In its court papers, the NPA indicated that Pillay, Nyhonyha and Wood would face charges of fraud, corruption and money laundering for their alleged role in a criminal conspiracy at Transnet that involved, among others, Gupta kingpin Salim Essa.
This related to the controversial contract for 1,064 locomotives.
Meanwhile, Keightley further pointed out that the three directors had acknowledged that Regiments had actually not paid the settlement amount to Transnet.
“Until such payment was made, the agreement was not relevant to the restraint proceedings. [Advocate] Cronje was under no obligation to investigate and inquire into the Transnet settlement’s existence.
“Therefore, we are of the view that the Transnet agreement was not material to the application for a provisional restraint order.
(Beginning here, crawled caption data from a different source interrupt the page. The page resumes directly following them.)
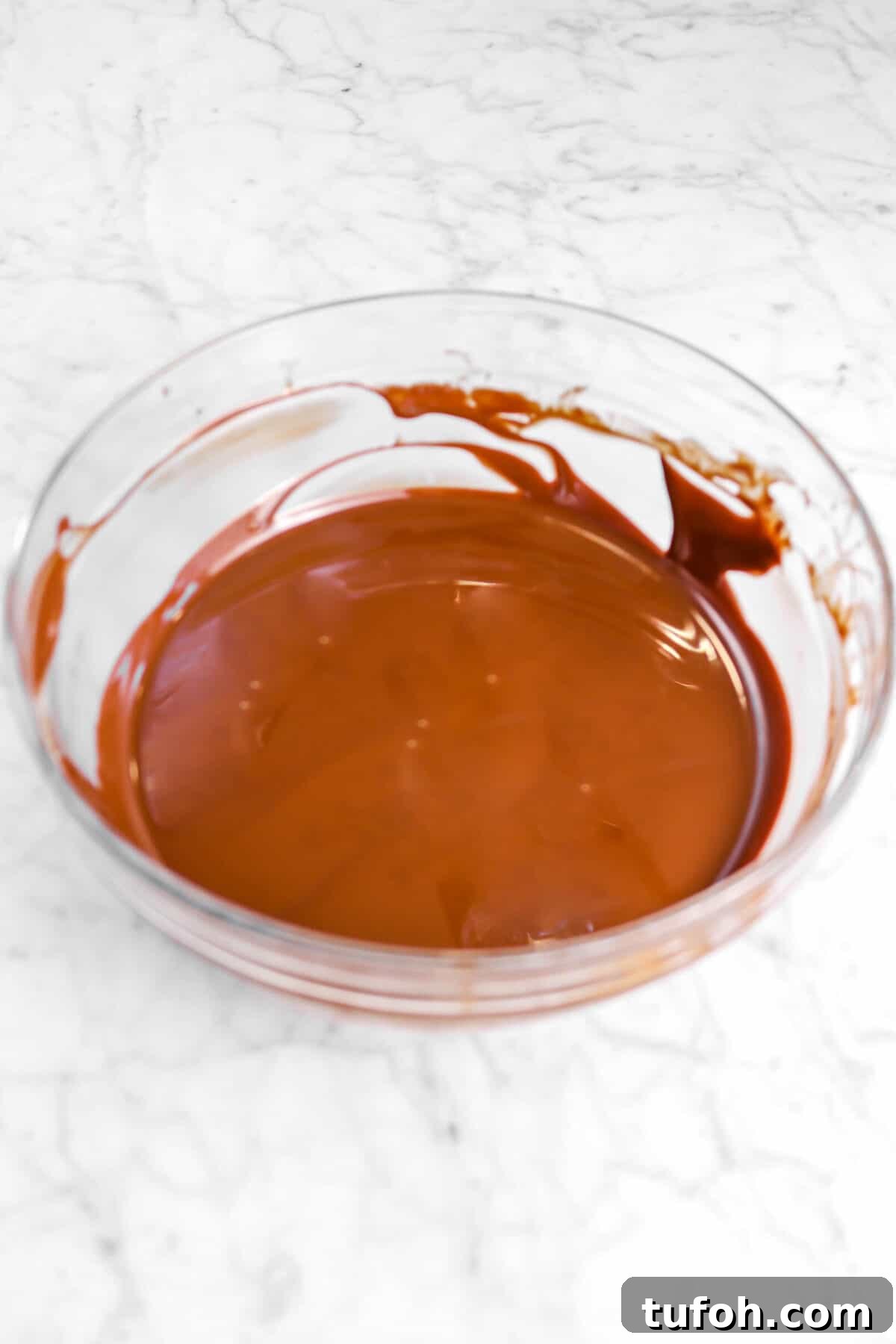 melted chocolate in glass bowl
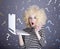 Portrait of funny girl in blonde wig with laptop.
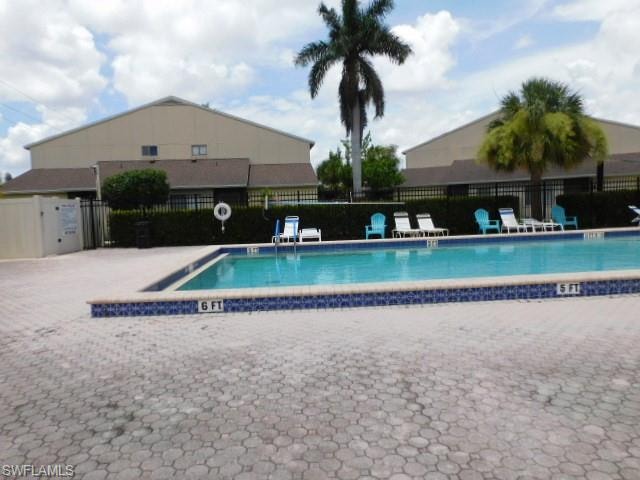 Outdoor swimming pool featuring a patterned paver deck, blue and white mosaic tile border, and a black wrought iron fence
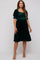 woman wearing a dark green velvet maternity dress with short puff sleeves and a smocked bodice, featuring a ruffled hemline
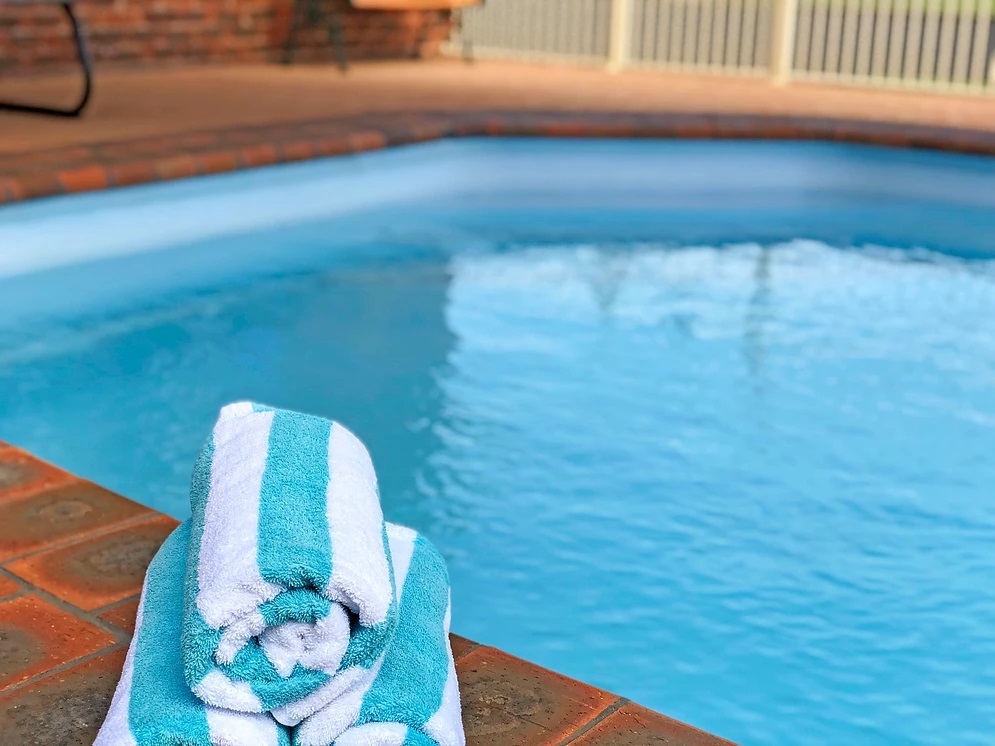 Pool with rolled towels at the Leeton Heritage Motor Inn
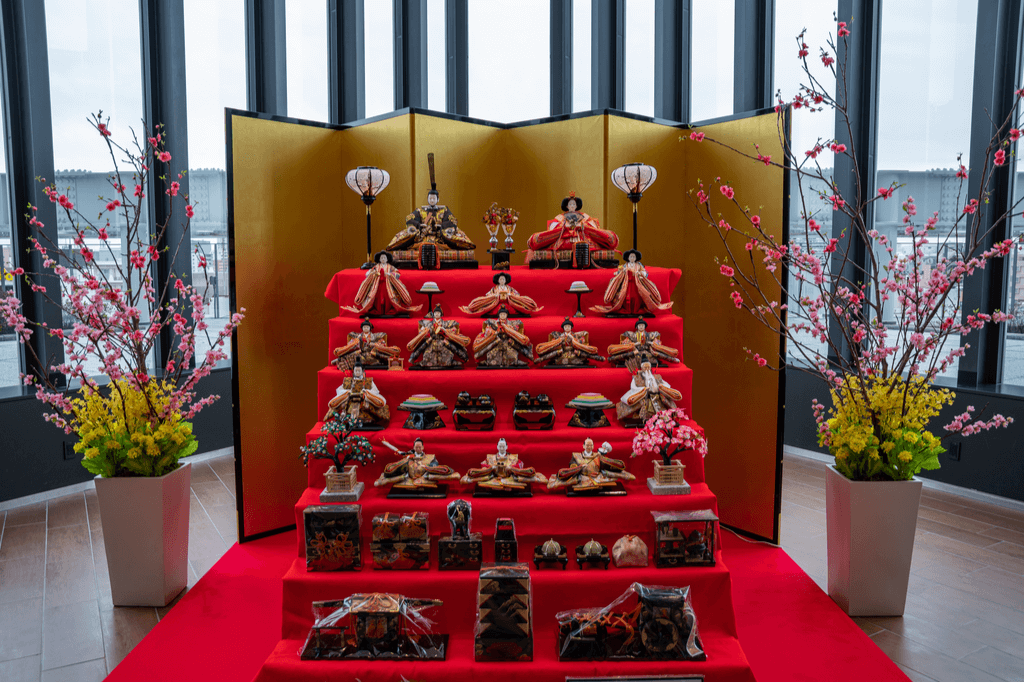 A full display of a Japanese Hina dolls set with all seven traditional tiers in an office building with two sets of flowers on either side in front of many windows.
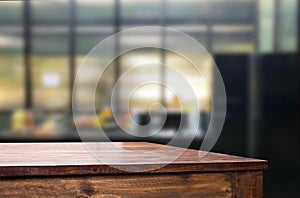 Wood table top on blur kitchen or cafe room background .For mont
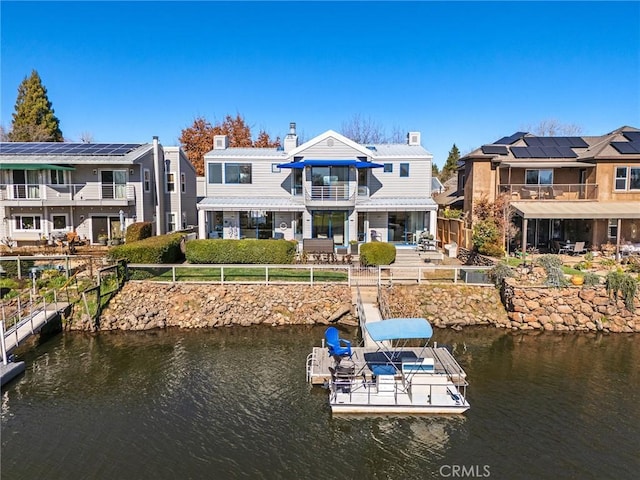 back of house with a water view, a balcony, a fenced backyard, and a patio area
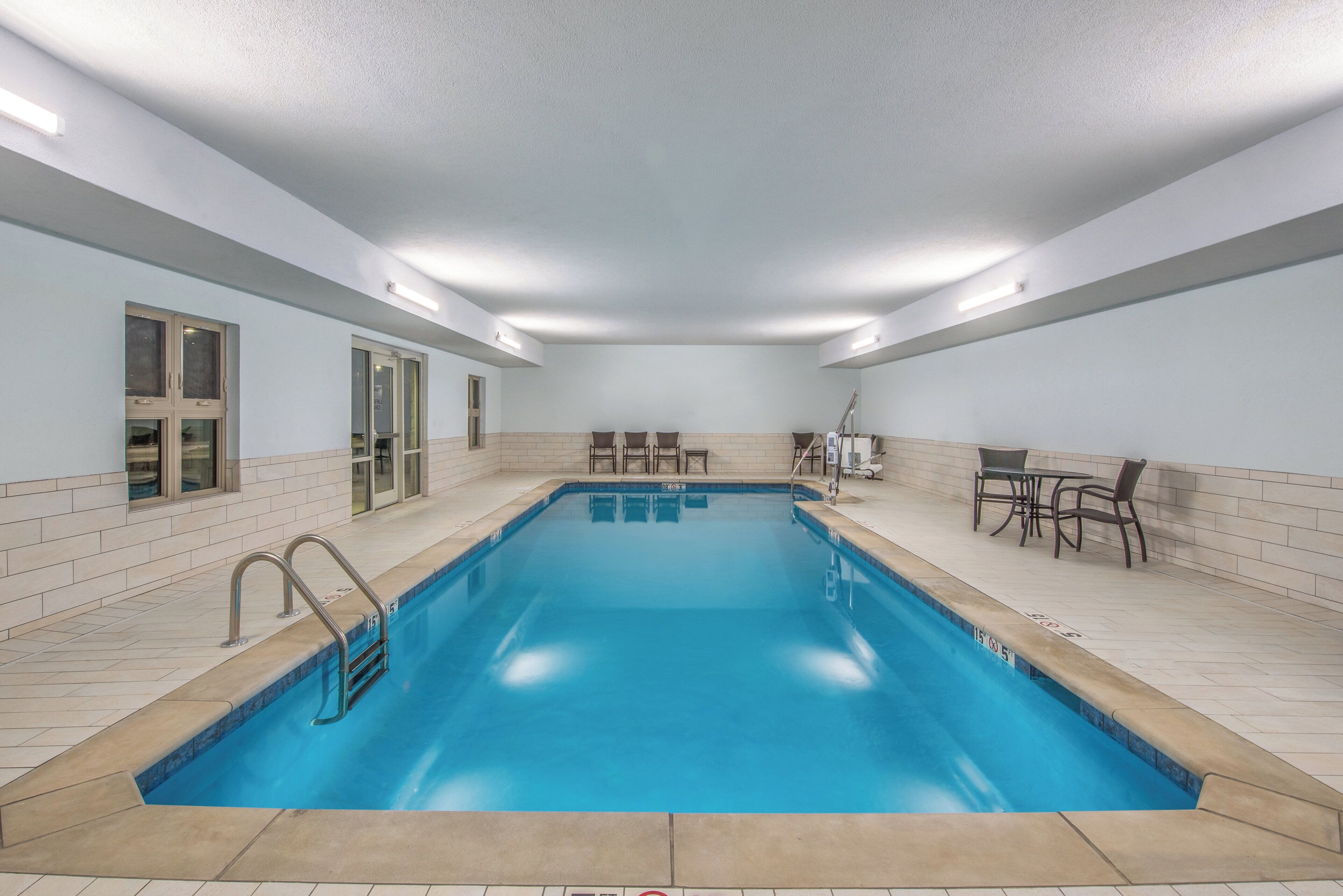 A rectangular indoor swimming pool with clear blue water, surrounded by tiled walls and a ceiling with recessed lighting.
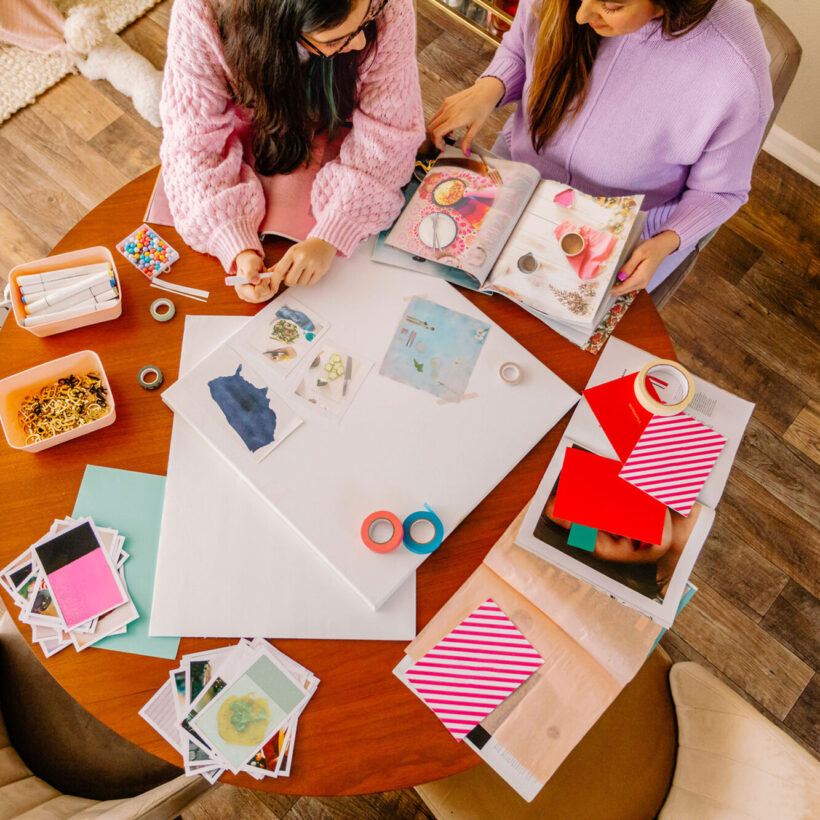 Upper view mother and daughter cutting magazines and making a dream board out of photographs, magazines at a round table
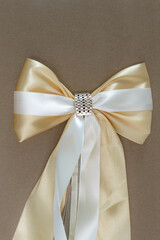 beautiful golden wedding bow on brown background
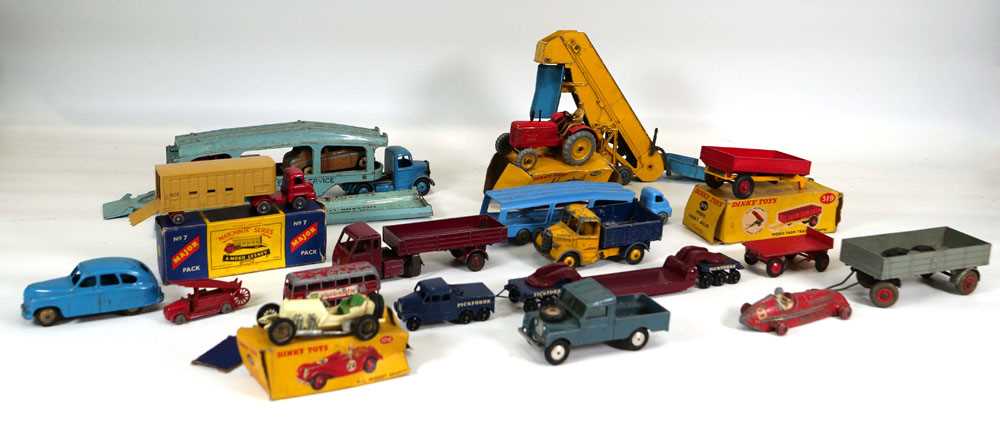 A group of Dinky, Matchbox and other diecast including farm vehicles, commercial models, a racing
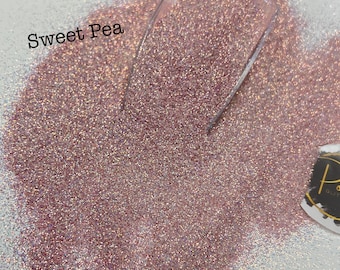 May include: A close-up of a pile of fine pink glitter with iridescent shimmer. The glitter is labeled "Sweet Pea".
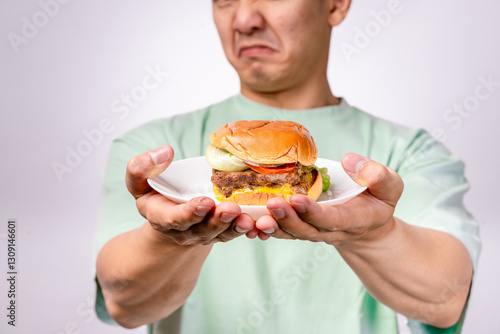 An Asian man in a mint green shirt holds a plate with a cheeseburger while making a disgusted expression. The background is white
Its non-disclosure was not a valid reason to discharge the provisional restraint and the Court a quo erred in finding that it was,” the judgment read.
Regiments had previously struck a deal to make a “full and final settlement” to Transnet for money earned for the locomotives contract and a China Development Bank loan.
On whether there were reasonable grounds for believing the directors may be convicted of a crime, which would justify their assets being permanently seized, the court also said: “None of the evidence relied on by the NDPP to found reasonable grounds for believing that the defendants might be convicted on the corruption charges (or indeed any of the other offences) is manifestly false or unreliable.
“This is underlined by the crucial fact that the defendants have failed to put up any substantial answer to the NDPP’s case against the defendants on these offences.”
The court also granted the NPA’s request to adjust the value of the assets from R1 billion to R1.6 billion.
The Organisation Undoing Tax Abuse (Outa) has since welcomed the latest judgment.
“Outa was concerned at the earlier judgment in October 2020 that set aside the freezing order, and we are pleased that the NPA stood their ground and opposed the flawed ruling by Judge Maletsatsi Mahalelo,” the organisation said in a tweet.
“Great to see that NPA are taking their role in recovery of funds and accountability for State Capture seriously.
“This means a lot to civil society and the public. We really need to see the tide turning in the fight against corruption,” Outa added.